I agree, "assume unknown, unaudited packages are malicious" is the ideal stance....

7373737373 · on Nov 2, 2022

In Python, dynamic imports exist, making this impossible

actually_a_dog · on Nov 2, 2022

I don't see how having dynamic imports matters if all you want to do is detect if a specific file is imported. Run the install and see what gets imported. That's it.

7373737373 · on Nov 2, 2022

If you actually have to execute a program (but have no safe way of doing so), to see if a complex routine that may return any filename imports a safe file or not, then you are facing up against https://en.wikipedia.org/wiki/Rice%27s_theorem

actually_a_dog · on Nov 3, 2022

So? Any method of detecting a "malicious package" faces Rice's theorem, unless you want to claim that "malicious" is a trivial property.

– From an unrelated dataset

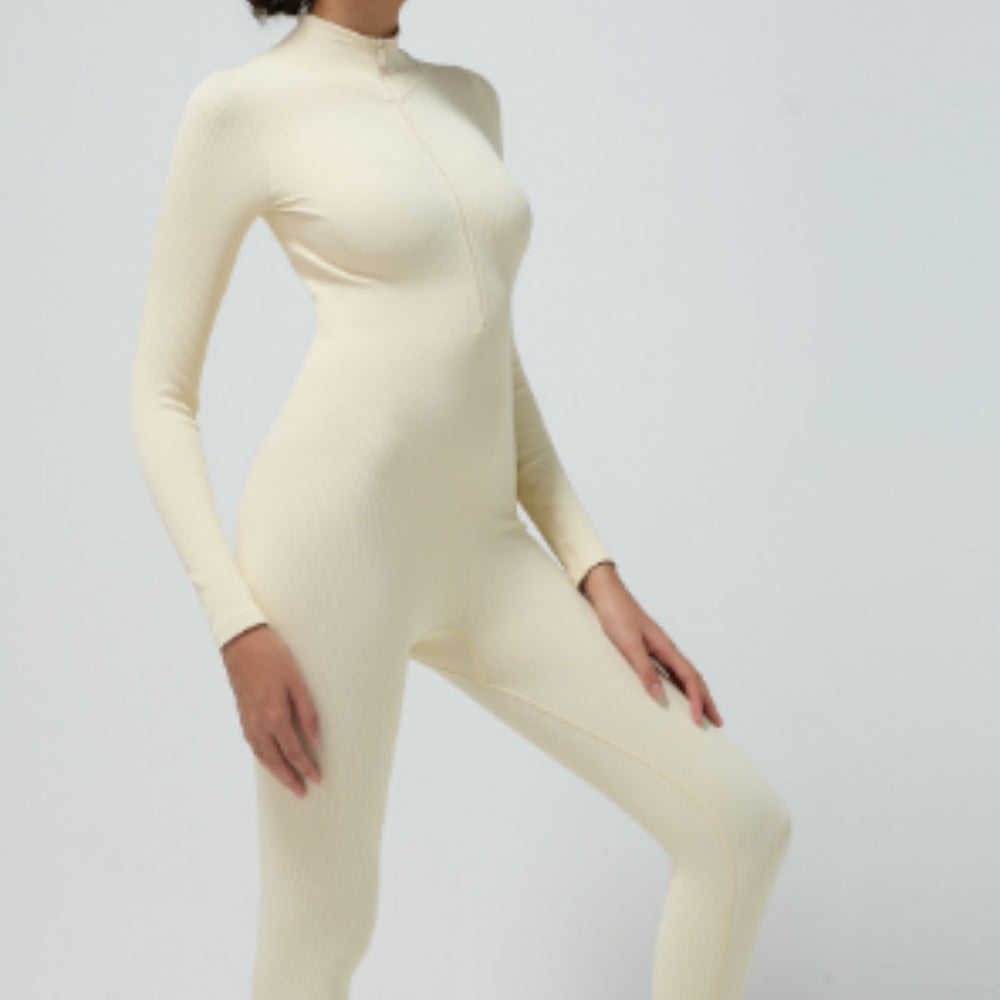 Minimalist Women's Long Sleeve Pants with Zipper Jumpsuit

7373737373 · on Nov 3, 2022

Which is why any approaches relying on identity verification or scanning are bound to fail - sandboxing/capability security MUST become built into languages

ashishbijlani · on Nov 4, 2022

Are you suggesting that you would rather wait for languages to provide robust sandboxing capabilities and not use available static/dynamic analysis tools (e.g., Packj [1]) to audit packages for malicious/risky indicators, particularly when we hear about new attacks on open-source package managers almost every week?

1. https://github.com/ossillate-inc/packj [Disclaimer: I built it]

7373737373 · on Nov 4, 2022

No, I'm merely suggesting that they are not a solution to the problem, and that the fundamental issue has to be approached at the language level.

What you are building is mainly a smoke detector (and maybe a bit of a sprinkler if it takes some decisions itself), not fireproof doors (that only at install, not test- or runtime). Smoke detectors by themselves cannot prevent fires from spreading and are not completely reliable.

Analysis tools are still useful - even with perfect language-level access and resource control, packages which are given many required permissions may behave maliciously (e.g. through compromise of any component in the development or distribution pipeline), or return malicious data (which is out of scope/unsolvable at the language level). Both approaches complement each other nicely.